When does the Republican primary for U.S. Senate actually start?
The Republican primary for the U.S. Senate seat in the great state of Alabama was supposed to be a heavyweight battle to see who takes on U.S. Senator Doug Jones (D-AL), but it’s looking more like a pillow fight.
Tommy Tuberville is winning, according to his and his opponents’ polling.
ALFA, who recently endorsed Tuberville, had the former Auburn football coach 21 points ahead of his nearest competitor in a poll.
To make things worse, it turns out that the nearest competitor is Judge Roy Moore, setting up a potential Tuberville-Moore runoff in March.
Even with a former football coach dominating the polls, and a disgraced former politician who handed the Senate seat to a Democrat in second, those aren’t the most shocking things about this race.
The real shocker is that nobody seems to want to do anything to change how the race is going.
Just this past week, Tommy Tuberville told Talk 99.5 in Birmingham that President Trump was putting a noose around farmers’ necks with his tariffs.
The story was picked up nationally by The Hill. But do you know where it received minimal coverage? The state of Alabama.
His opponents did not comment and the local media shrugged for five days.
— Dale Jackson (@TheDaleJackson) October 5, 2019
Do any of the campaigns out there even still care?

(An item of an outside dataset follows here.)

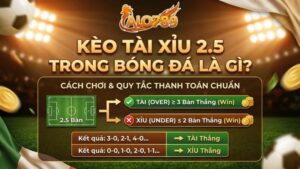 Kèo Tài Xỉu 2.5 Trong Bóng Đá Là Gì Cách Chơi & Quy Tắc Thanh Toán Chuẩn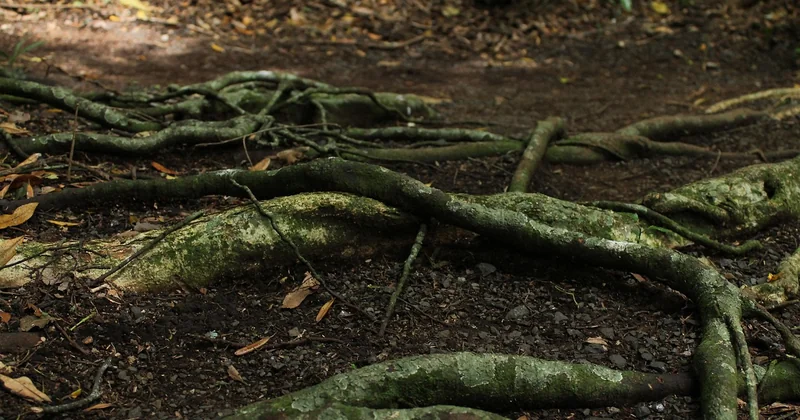 Pourquoi la forêt atlantique est un terrain à part (et pas juste "une forêt")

Tuberville is at 36% of the vote, and that was before receiving ALFA’s endorsement.
If Congressman Bradley Byrne (R-Fairhope), Alabama Secretary of State John Merrill or former Judge Roy Moore don’t start hitting Tuberville when he fumbles, this race may be over soon.
Tuberville lends himself to criticism. He has no problem saying what he thinks, even when it could hurt him.
If Byrne, Merrill or Moore want to be the next senator from the great state of Alabama, they need to start seriously setting themselves apart from Tuberville.
That means highlighting his stumbles and talking about his deficiencies on policy. A big part of his campaign is that he is “not a politician” and his statements make that clear.
Perception is everything, and right now the perception is that Tuberville is going to win easily and none of the other candidates appear to care.
If there are not some serious moves made soon, this race might already be over.